Work to be completed: Starting at the line below holding "Quilted Trees Collection 8-Card Boxed Set" and stopping at the line holding "Вывод кабеля Jung LS 990 белый", print every line exactly, both ends included, and leave the rest out.
Data for the task Start Marker
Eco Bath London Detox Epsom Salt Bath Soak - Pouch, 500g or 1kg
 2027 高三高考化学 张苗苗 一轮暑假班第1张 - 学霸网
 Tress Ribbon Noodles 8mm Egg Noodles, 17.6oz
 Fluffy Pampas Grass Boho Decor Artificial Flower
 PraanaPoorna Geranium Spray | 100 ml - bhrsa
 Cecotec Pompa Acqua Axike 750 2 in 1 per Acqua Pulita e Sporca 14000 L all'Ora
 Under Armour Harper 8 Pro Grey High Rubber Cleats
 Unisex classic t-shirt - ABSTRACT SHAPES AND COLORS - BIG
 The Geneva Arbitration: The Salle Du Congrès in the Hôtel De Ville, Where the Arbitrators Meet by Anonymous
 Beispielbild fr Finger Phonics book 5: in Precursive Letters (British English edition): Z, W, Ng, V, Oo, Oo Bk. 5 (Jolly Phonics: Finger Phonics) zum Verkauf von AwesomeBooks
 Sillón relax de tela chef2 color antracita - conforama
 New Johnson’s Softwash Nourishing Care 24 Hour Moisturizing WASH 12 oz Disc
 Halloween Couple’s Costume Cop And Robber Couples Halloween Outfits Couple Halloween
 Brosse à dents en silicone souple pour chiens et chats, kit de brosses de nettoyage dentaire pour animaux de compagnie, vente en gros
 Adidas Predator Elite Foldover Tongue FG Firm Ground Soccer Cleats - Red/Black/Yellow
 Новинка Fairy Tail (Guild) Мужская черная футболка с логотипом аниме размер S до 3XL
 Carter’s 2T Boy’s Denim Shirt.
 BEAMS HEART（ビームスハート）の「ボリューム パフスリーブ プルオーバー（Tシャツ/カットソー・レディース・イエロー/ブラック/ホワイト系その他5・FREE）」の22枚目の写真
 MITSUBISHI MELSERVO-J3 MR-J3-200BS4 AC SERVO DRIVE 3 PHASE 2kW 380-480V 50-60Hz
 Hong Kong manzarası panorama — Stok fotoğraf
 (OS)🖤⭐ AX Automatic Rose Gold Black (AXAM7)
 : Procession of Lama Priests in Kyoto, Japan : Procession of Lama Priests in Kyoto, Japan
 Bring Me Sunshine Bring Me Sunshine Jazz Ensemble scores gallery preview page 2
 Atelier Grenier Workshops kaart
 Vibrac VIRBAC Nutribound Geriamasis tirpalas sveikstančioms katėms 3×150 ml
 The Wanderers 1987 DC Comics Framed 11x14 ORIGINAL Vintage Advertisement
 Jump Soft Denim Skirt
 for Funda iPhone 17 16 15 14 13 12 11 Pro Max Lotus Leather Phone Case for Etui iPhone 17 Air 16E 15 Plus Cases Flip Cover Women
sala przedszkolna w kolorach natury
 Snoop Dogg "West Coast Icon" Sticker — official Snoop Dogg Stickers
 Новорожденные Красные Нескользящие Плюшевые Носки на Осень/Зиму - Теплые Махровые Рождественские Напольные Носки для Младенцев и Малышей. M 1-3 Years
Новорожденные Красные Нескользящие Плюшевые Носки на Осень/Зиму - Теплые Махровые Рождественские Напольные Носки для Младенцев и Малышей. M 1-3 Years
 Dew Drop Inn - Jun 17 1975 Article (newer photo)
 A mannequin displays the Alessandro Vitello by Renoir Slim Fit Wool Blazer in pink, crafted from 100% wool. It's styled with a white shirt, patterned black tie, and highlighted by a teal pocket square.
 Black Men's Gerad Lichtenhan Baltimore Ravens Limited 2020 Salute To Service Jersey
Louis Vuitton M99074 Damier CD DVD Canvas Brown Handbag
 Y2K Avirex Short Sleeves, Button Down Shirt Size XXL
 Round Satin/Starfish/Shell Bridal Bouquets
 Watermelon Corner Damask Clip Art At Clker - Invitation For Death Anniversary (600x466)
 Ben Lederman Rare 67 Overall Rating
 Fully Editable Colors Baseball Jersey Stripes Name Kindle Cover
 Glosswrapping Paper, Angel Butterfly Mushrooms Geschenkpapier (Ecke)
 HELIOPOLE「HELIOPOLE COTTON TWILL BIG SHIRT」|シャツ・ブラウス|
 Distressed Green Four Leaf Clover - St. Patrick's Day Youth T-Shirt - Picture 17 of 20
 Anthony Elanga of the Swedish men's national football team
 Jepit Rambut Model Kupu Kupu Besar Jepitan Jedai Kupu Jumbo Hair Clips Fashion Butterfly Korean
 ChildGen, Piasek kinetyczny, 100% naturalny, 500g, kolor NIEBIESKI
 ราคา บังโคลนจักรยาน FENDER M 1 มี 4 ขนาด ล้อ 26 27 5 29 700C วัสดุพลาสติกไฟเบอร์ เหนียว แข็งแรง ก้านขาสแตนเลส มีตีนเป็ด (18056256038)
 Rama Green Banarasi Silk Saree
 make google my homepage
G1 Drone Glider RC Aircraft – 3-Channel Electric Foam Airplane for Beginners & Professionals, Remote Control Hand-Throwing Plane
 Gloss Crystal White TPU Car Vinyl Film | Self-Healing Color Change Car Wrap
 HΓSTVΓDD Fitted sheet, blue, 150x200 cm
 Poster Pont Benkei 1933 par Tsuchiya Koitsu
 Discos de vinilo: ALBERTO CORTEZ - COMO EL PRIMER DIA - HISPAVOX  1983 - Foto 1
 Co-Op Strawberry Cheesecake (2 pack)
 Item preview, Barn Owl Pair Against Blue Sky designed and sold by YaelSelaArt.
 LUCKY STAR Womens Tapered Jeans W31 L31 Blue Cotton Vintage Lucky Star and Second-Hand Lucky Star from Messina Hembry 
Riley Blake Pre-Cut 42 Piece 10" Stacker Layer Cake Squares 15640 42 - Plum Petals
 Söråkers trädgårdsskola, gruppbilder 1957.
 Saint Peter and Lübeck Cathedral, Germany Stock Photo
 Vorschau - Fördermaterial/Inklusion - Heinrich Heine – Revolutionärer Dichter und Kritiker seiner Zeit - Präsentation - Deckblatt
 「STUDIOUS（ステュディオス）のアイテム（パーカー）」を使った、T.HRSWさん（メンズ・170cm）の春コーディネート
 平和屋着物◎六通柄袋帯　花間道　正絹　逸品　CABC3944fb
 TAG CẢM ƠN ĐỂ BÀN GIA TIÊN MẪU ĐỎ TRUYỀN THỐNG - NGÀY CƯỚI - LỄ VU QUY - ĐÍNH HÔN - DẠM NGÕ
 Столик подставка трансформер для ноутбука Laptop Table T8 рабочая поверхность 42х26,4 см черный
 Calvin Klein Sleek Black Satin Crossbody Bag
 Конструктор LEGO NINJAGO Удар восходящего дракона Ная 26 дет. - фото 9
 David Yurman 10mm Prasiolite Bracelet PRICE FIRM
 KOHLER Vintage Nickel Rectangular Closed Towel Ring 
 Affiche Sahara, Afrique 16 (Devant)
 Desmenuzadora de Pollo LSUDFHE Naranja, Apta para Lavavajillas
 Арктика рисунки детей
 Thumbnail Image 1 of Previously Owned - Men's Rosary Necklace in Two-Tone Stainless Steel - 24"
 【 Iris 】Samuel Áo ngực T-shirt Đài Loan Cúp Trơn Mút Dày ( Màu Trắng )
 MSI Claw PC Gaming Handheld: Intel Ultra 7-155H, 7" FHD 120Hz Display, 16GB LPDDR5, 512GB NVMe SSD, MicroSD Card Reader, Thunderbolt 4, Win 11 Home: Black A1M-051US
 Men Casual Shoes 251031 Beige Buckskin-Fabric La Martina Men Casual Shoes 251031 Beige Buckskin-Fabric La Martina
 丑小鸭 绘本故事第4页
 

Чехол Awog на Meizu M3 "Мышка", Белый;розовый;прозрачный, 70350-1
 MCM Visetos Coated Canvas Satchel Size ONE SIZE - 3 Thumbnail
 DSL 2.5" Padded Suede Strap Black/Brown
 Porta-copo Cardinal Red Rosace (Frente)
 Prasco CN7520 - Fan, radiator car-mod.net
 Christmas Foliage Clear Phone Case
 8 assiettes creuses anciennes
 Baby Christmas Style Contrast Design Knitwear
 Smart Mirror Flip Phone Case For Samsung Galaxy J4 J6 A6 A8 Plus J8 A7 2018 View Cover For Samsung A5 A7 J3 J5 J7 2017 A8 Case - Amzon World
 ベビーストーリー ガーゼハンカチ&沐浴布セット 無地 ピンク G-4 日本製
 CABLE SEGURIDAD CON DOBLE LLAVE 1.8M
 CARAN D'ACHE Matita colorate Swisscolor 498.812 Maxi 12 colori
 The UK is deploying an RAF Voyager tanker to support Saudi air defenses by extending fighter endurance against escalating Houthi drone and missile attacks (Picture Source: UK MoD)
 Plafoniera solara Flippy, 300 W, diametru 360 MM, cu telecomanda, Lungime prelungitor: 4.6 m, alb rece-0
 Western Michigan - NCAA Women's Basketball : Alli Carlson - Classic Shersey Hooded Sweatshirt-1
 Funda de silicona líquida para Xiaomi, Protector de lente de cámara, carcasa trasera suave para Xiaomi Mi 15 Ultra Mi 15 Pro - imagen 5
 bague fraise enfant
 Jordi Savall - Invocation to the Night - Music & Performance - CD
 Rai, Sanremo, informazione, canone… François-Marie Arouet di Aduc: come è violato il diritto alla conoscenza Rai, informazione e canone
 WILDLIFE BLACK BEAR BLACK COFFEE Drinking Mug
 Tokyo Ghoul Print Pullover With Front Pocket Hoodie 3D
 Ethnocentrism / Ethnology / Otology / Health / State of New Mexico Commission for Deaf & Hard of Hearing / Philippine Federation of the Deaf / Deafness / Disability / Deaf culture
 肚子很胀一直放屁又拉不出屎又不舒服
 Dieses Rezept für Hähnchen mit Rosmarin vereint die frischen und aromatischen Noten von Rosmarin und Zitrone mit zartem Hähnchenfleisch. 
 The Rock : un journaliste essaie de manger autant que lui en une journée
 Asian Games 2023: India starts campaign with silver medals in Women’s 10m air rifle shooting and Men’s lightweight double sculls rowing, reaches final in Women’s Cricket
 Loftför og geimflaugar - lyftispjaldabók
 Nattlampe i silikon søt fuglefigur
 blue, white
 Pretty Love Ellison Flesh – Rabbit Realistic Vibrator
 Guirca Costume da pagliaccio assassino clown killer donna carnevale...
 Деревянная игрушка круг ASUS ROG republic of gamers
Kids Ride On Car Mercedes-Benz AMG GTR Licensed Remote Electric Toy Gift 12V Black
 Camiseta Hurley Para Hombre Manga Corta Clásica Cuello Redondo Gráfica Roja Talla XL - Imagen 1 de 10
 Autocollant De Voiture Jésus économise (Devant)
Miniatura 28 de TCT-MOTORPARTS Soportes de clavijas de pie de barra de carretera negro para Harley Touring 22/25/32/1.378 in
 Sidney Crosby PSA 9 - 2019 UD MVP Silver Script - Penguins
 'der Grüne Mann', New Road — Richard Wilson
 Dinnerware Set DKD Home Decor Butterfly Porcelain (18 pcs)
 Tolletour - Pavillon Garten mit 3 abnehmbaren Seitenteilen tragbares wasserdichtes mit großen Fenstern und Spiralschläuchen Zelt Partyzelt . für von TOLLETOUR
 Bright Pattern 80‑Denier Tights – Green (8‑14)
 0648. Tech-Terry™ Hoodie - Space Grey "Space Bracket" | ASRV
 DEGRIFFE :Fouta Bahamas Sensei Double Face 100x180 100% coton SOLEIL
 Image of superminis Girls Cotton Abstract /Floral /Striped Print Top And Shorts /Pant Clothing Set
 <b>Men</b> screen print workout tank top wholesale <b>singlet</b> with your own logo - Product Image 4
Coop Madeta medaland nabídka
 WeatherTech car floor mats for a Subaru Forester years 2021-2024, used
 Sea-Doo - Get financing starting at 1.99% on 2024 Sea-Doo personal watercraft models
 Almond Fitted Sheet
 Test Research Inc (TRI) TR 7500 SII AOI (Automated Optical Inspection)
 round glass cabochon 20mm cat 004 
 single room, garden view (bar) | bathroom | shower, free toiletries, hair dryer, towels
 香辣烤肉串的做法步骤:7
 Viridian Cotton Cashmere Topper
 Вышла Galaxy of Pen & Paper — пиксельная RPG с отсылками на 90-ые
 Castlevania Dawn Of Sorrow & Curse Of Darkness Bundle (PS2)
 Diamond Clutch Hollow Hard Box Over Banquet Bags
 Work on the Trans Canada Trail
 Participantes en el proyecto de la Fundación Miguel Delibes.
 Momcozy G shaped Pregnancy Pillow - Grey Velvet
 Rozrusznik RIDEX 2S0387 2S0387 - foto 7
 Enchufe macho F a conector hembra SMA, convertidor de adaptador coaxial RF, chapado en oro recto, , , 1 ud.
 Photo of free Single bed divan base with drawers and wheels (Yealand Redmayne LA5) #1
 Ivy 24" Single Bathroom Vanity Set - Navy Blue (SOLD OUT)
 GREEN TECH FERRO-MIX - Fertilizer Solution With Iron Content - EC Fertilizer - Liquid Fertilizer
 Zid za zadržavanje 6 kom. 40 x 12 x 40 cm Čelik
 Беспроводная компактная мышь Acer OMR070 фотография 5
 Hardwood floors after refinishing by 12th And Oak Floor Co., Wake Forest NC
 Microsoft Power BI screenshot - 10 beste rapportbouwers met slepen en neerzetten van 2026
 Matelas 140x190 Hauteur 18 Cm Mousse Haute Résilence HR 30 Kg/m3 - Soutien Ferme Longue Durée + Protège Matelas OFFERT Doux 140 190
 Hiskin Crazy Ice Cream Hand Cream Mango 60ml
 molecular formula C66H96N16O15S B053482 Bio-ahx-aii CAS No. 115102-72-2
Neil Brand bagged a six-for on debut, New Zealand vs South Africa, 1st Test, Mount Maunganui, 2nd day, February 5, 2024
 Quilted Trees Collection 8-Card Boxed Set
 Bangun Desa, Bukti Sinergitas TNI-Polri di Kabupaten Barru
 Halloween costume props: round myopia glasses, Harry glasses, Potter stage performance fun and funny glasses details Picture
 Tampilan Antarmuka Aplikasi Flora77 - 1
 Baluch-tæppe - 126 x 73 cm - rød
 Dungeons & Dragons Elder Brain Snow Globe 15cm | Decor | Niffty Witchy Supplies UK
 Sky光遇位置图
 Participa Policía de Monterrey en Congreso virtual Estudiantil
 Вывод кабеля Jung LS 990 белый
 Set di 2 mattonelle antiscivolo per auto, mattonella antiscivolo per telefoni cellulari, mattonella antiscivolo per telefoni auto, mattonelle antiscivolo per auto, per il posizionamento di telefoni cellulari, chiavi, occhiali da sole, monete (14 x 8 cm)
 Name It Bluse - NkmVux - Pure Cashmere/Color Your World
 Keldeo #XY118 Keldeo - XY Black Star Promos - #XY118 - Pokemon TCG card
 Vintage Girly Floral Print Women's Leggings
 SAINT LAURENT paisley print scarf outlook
Data for the task End Marker
Exercise response:
 Quilted Trees Collection 8-Card Boxed Set
 Bangun Desa, Bukti Sinergitas TNI-Polri di Kabupaten Barru
 Halloween costume props: round myopia glasses, Harry glasses, Potter stage performance fun and funny glasses details Picture
 Tampilan Antarmuka Aplikasi Flora77 - 1
 Baluch-tæppe - 126 x 73 cm - rød
 Dungeons & Dragons Elder Brain Snow Globe 15cm | Decor | Niffty Witchy Supplies UK
 Sky光遇位置图
 Participa Policía de Monterrey en Congreso virtual Estudiantil
 Вывод кабеля Jung LS 990 белый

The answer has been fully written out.